Responsible for maintaining the Hevo platform with a steadfast commitment to achieving 99.99% uptime, overseeing a network of over 10,000 pipelines distributed across diverse regions and cloud environments.

Prioritize the stability of Pipelines as the foremost objective, serving as the guardians of production readiness. In the event of incidents, respond swiftly to resolve them, ensuring minimal disruption to our valued customers.

Develop highly scalable tools and services that proactively detect and address production issues, bolstered by the creation of comprehensive Standard Operating Procedures (SOPs) for SysOps teams to follow.

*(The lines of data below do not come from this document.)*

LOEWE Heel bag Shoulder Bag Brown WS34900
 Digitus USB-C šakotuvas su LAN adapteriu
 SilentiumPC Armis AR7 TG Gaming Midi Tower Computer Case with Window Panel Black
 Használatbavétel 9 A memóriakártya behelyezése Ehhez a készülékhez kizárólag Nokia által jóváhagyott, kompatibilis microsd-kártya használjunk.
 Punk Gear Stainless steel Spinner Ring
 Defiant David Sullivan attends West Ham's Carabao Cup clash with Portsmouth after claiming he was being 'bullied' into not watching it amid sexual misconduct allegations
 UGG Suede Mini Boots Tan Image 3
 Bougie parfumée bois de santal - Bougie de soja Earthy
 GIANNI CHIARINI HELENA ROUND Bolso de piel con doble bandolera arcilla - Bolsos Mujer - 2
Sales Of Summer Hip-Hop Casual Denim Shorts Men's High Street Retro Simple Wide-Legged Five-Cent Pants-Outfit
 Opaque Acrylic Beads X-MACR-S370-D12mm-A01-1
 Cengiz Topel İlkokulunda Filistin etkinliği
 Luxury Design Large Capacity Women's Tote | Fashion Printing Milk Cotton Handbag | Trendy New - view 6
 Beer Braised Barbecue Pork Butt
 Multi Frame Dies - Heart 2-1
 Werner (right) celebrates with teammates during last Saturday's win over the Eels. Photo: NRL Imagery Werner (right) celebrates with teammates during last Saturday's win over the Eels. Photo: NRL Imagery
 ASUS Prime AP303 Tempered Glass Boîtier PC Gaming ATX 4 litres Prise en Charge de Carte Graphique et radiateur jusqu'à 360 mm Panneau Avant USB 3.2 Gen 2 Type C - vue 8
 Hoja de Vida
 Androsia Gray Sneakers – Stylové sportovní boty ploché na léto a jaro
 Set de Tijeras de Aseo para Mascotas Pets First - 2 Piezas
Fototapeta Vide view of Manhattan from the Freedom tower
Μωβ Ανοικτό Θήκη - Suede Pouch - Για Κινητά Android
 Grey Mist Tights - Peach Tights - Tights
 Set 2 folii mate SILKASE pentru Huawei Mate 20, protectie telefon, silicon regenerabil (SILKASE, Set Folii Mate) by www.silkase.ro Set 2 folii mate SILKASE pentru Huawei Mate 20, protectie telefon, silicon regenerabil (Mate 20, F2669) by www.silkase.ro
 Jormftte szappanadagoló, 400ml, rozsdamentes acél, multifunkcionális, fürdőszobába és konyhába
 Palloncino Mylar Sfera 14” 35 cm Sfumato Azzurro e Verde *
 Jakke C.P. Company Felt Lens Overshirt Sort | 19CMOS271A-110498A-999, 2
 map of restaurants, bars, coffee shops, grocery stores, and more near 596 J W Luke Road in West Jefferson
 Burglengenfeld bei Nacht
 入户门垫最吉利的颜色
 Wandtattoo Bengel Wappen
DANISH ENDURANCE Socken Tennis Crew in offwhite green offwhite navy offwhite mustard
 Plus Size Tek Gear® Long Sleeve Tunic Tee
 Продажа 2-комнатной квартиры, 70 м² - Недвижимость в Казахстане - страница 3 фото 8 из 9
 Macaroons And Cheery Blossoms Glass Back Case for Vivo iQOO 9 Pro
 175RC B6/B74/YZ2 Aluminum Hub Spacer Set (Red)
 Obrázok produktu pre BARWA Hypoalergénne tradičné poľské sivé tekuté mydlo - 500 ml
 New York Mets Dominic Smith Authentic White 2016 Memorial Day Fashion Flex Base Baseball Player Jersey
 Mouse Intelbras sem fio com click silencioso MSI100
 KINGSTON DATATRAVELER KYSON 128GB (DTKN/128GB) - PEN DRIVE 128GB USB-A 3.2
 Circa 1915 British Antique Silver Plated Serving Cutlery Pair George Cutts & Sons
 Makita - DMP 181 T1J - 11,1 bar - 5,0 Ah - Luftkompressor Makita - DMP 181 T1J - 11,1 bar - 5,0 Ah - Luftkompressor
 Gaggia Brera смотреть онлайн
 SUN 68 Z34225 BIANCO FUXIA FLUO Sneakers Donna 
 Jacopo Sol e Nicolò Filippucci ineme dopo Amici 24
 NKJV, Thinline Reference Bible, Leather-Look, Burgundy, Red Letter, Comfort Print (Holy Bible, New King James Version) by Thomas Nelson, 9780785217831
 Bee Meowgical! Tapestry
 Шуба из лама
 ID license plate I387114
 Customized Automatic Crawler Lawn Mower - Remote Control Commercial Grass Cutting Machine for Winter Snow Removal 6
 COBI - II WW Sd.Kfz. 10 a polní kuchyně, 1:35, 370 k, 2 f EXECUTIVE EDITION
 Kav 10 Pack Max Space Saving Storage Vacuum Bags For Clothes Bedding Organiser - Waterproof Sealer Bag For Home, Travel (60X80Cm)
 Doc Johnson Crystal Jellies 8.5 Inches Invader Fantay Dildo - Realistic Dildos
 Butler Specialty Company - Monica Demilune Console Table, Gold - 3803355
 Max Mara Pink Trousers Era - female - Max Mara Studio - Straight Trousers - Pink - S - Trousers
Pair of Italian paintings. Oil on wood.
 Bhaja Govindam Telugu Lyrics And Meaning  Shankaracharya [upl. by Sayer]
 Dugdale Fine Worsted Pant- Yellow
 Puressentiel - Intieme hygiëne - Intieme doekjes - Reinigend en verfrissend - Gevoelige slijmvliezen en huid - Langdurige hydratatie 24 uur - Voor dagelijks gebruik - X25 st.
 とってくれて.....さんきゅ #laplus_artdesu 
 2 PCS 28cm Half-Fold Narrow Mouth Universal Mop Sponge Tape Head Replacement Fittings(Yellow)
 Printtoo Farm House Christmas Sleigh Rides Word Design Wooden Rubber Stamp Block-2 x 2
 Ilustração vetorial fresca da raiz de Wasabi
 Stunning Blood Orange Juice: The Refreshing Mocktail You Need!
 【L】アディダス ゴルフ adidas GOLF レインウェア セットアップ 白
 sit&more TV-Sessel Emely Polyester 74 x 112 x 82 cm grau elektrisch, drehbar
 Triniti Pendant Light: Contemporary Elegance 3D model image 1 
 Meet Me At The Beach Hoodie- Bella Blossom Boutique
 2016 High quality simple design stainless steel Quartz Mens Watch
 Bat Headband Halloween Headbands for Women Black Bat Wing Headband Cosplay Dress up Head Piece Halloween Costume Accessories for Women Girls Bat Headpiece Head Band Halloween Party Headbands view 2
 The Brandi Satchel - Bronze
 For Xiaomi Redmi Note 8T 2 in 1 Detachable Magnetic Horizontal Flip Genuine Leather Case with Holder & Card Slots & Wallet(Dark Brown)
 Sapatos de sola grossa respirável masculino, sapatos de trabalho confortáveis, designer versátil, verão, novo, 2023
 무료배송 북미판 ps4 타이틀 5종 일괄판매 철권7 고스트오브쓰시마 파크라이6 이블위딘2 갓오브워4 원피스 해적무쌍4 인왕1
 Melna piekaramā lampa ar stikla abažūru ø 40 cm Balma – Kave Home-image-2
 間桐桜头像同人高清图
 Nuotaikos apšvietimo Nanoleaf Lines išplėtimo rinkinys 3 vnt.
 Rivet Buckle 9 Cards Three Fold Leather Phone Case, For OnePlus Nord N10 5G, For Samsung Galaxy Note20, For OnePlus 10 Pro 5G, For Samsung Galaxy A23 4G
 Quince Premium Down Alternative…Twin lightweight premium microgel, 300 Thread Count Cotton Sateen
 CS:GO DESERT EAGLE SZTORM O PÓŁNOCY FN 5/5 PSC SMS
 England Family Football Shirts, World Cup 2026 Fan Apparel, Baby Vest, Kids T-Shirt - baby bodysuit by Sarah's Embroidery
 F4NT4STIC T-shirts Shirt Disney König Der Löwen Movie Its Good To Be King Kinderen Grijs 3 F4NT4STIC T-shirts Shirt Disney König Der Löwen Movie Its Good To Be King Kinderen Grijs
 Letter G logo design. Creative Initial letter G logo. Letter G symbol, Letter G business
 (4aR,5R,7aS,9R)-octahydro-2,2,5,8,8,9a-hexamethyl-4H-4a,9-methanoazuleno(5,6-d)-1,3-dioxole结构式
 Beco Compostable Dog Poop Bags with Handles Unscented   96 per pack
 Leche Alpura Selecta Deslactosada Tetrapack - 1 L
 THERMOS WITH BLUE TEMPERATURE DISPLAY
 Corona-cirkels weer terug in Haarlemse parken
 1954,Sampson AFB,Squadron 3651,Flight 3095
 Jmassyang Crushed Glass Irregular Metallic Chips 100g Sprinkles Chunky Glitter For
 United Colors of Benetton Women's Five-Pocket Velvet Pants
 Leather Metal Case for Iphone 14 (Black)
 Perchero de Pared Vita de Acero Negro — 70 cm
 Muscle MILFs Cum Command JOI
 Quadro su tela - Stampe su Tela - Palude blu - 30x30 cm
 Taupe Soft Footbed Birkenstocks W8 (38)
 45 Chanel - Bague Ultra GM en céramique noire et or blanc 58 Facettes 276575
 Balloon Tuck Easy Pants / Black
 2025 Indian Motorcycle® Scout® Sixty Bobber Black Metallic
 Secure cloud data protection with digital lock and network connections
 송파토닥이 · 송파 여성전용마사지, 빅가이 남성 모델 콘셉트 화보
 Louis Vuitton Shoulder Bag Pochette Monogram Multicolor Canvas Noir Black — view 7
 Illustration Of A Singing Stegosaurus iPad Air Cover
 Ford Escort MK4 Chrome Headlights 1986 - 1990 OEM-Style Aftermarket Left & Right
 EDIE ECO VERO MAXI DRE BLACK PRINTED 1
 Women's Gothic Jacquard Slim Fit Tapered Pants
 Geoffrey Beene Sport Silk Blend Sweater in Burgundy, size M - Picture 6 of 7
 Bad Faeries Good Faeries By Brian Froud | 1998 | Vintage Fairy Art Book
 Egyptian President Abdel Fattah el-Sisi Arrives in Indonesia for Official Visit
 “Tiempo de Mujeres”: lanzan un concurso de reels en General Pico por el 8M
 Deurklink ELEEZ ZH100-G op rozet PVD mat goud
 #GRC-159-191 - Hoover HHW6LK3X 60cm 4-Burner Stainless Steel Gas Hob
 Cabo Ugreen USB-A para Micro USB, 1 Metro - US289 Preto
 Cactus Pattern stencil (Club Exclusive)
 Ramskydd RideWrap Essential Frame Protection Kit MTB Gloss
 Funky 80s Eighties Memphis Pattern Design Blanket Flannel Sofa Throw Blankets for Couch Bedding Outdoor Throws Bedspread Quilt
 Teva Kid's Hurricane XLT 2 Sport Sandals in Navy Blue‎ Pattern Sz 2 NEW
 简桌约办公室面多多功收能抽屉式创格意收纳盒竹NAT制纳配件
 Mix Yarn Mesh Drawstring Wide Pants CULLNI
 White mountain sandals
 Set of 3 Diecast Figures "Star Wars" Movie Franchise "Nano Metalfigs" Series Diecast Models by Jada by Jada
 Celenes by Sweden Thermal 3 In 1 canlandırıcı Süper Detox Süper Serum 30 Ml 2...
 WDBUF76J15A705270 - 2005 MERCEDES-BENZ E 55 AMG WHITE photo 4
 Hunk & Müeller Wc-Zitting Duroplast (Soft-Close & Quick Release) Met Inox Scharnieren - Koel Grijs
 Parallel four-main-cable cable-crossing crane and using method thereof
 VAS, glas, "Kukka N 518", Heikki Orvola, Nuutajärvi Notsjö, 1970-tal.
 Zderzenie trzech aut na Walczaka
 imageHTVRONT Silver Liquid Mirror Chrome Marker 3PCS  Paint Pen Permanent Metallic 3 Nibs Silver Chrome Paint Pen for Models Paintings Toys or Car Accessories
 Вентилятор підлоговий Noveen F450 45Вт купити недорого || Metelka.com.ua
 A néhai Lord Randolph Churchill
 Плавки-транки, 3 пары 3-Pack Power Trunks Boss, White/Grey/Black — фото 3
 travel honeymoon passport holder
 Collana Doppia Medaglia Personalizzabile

Dedicate 50% of time and effort to coding initiatives.

Demonstrate unwavering ownership and accountability regarding timelines, system uptime, and production Service Level Agreements (SLAs).

Forge and maintain pivotal event lifecycle management processes, harnessing the power of observability tools such as Datadog, NewRelic, and Appdynamics.

Serve as a trusted advisor to leadership, contributing insights and influence across multifaceted technical domains, including applications, networks, information security, databases, operating systems, and web technologies, addressing complex business needs across various departments.

Tackle challenges with a strategic mindset, collaborating with professionals and managers at all organisational levels.

Safeguard business continuity by minimising the impact of failures and enabling rapid recovery.

Facilitate troubleshooting by introducing essential observability and tracing tools, streamlining the onboarding process for new customers, encompassing network connectivity, VPC peering, site-to-site VPNs, and more.

Spearhead the advancement of cloud maturity within our products, validating against well-architected frameworks to drive cost optimization, enhance performance efficiency, and fortify security measures.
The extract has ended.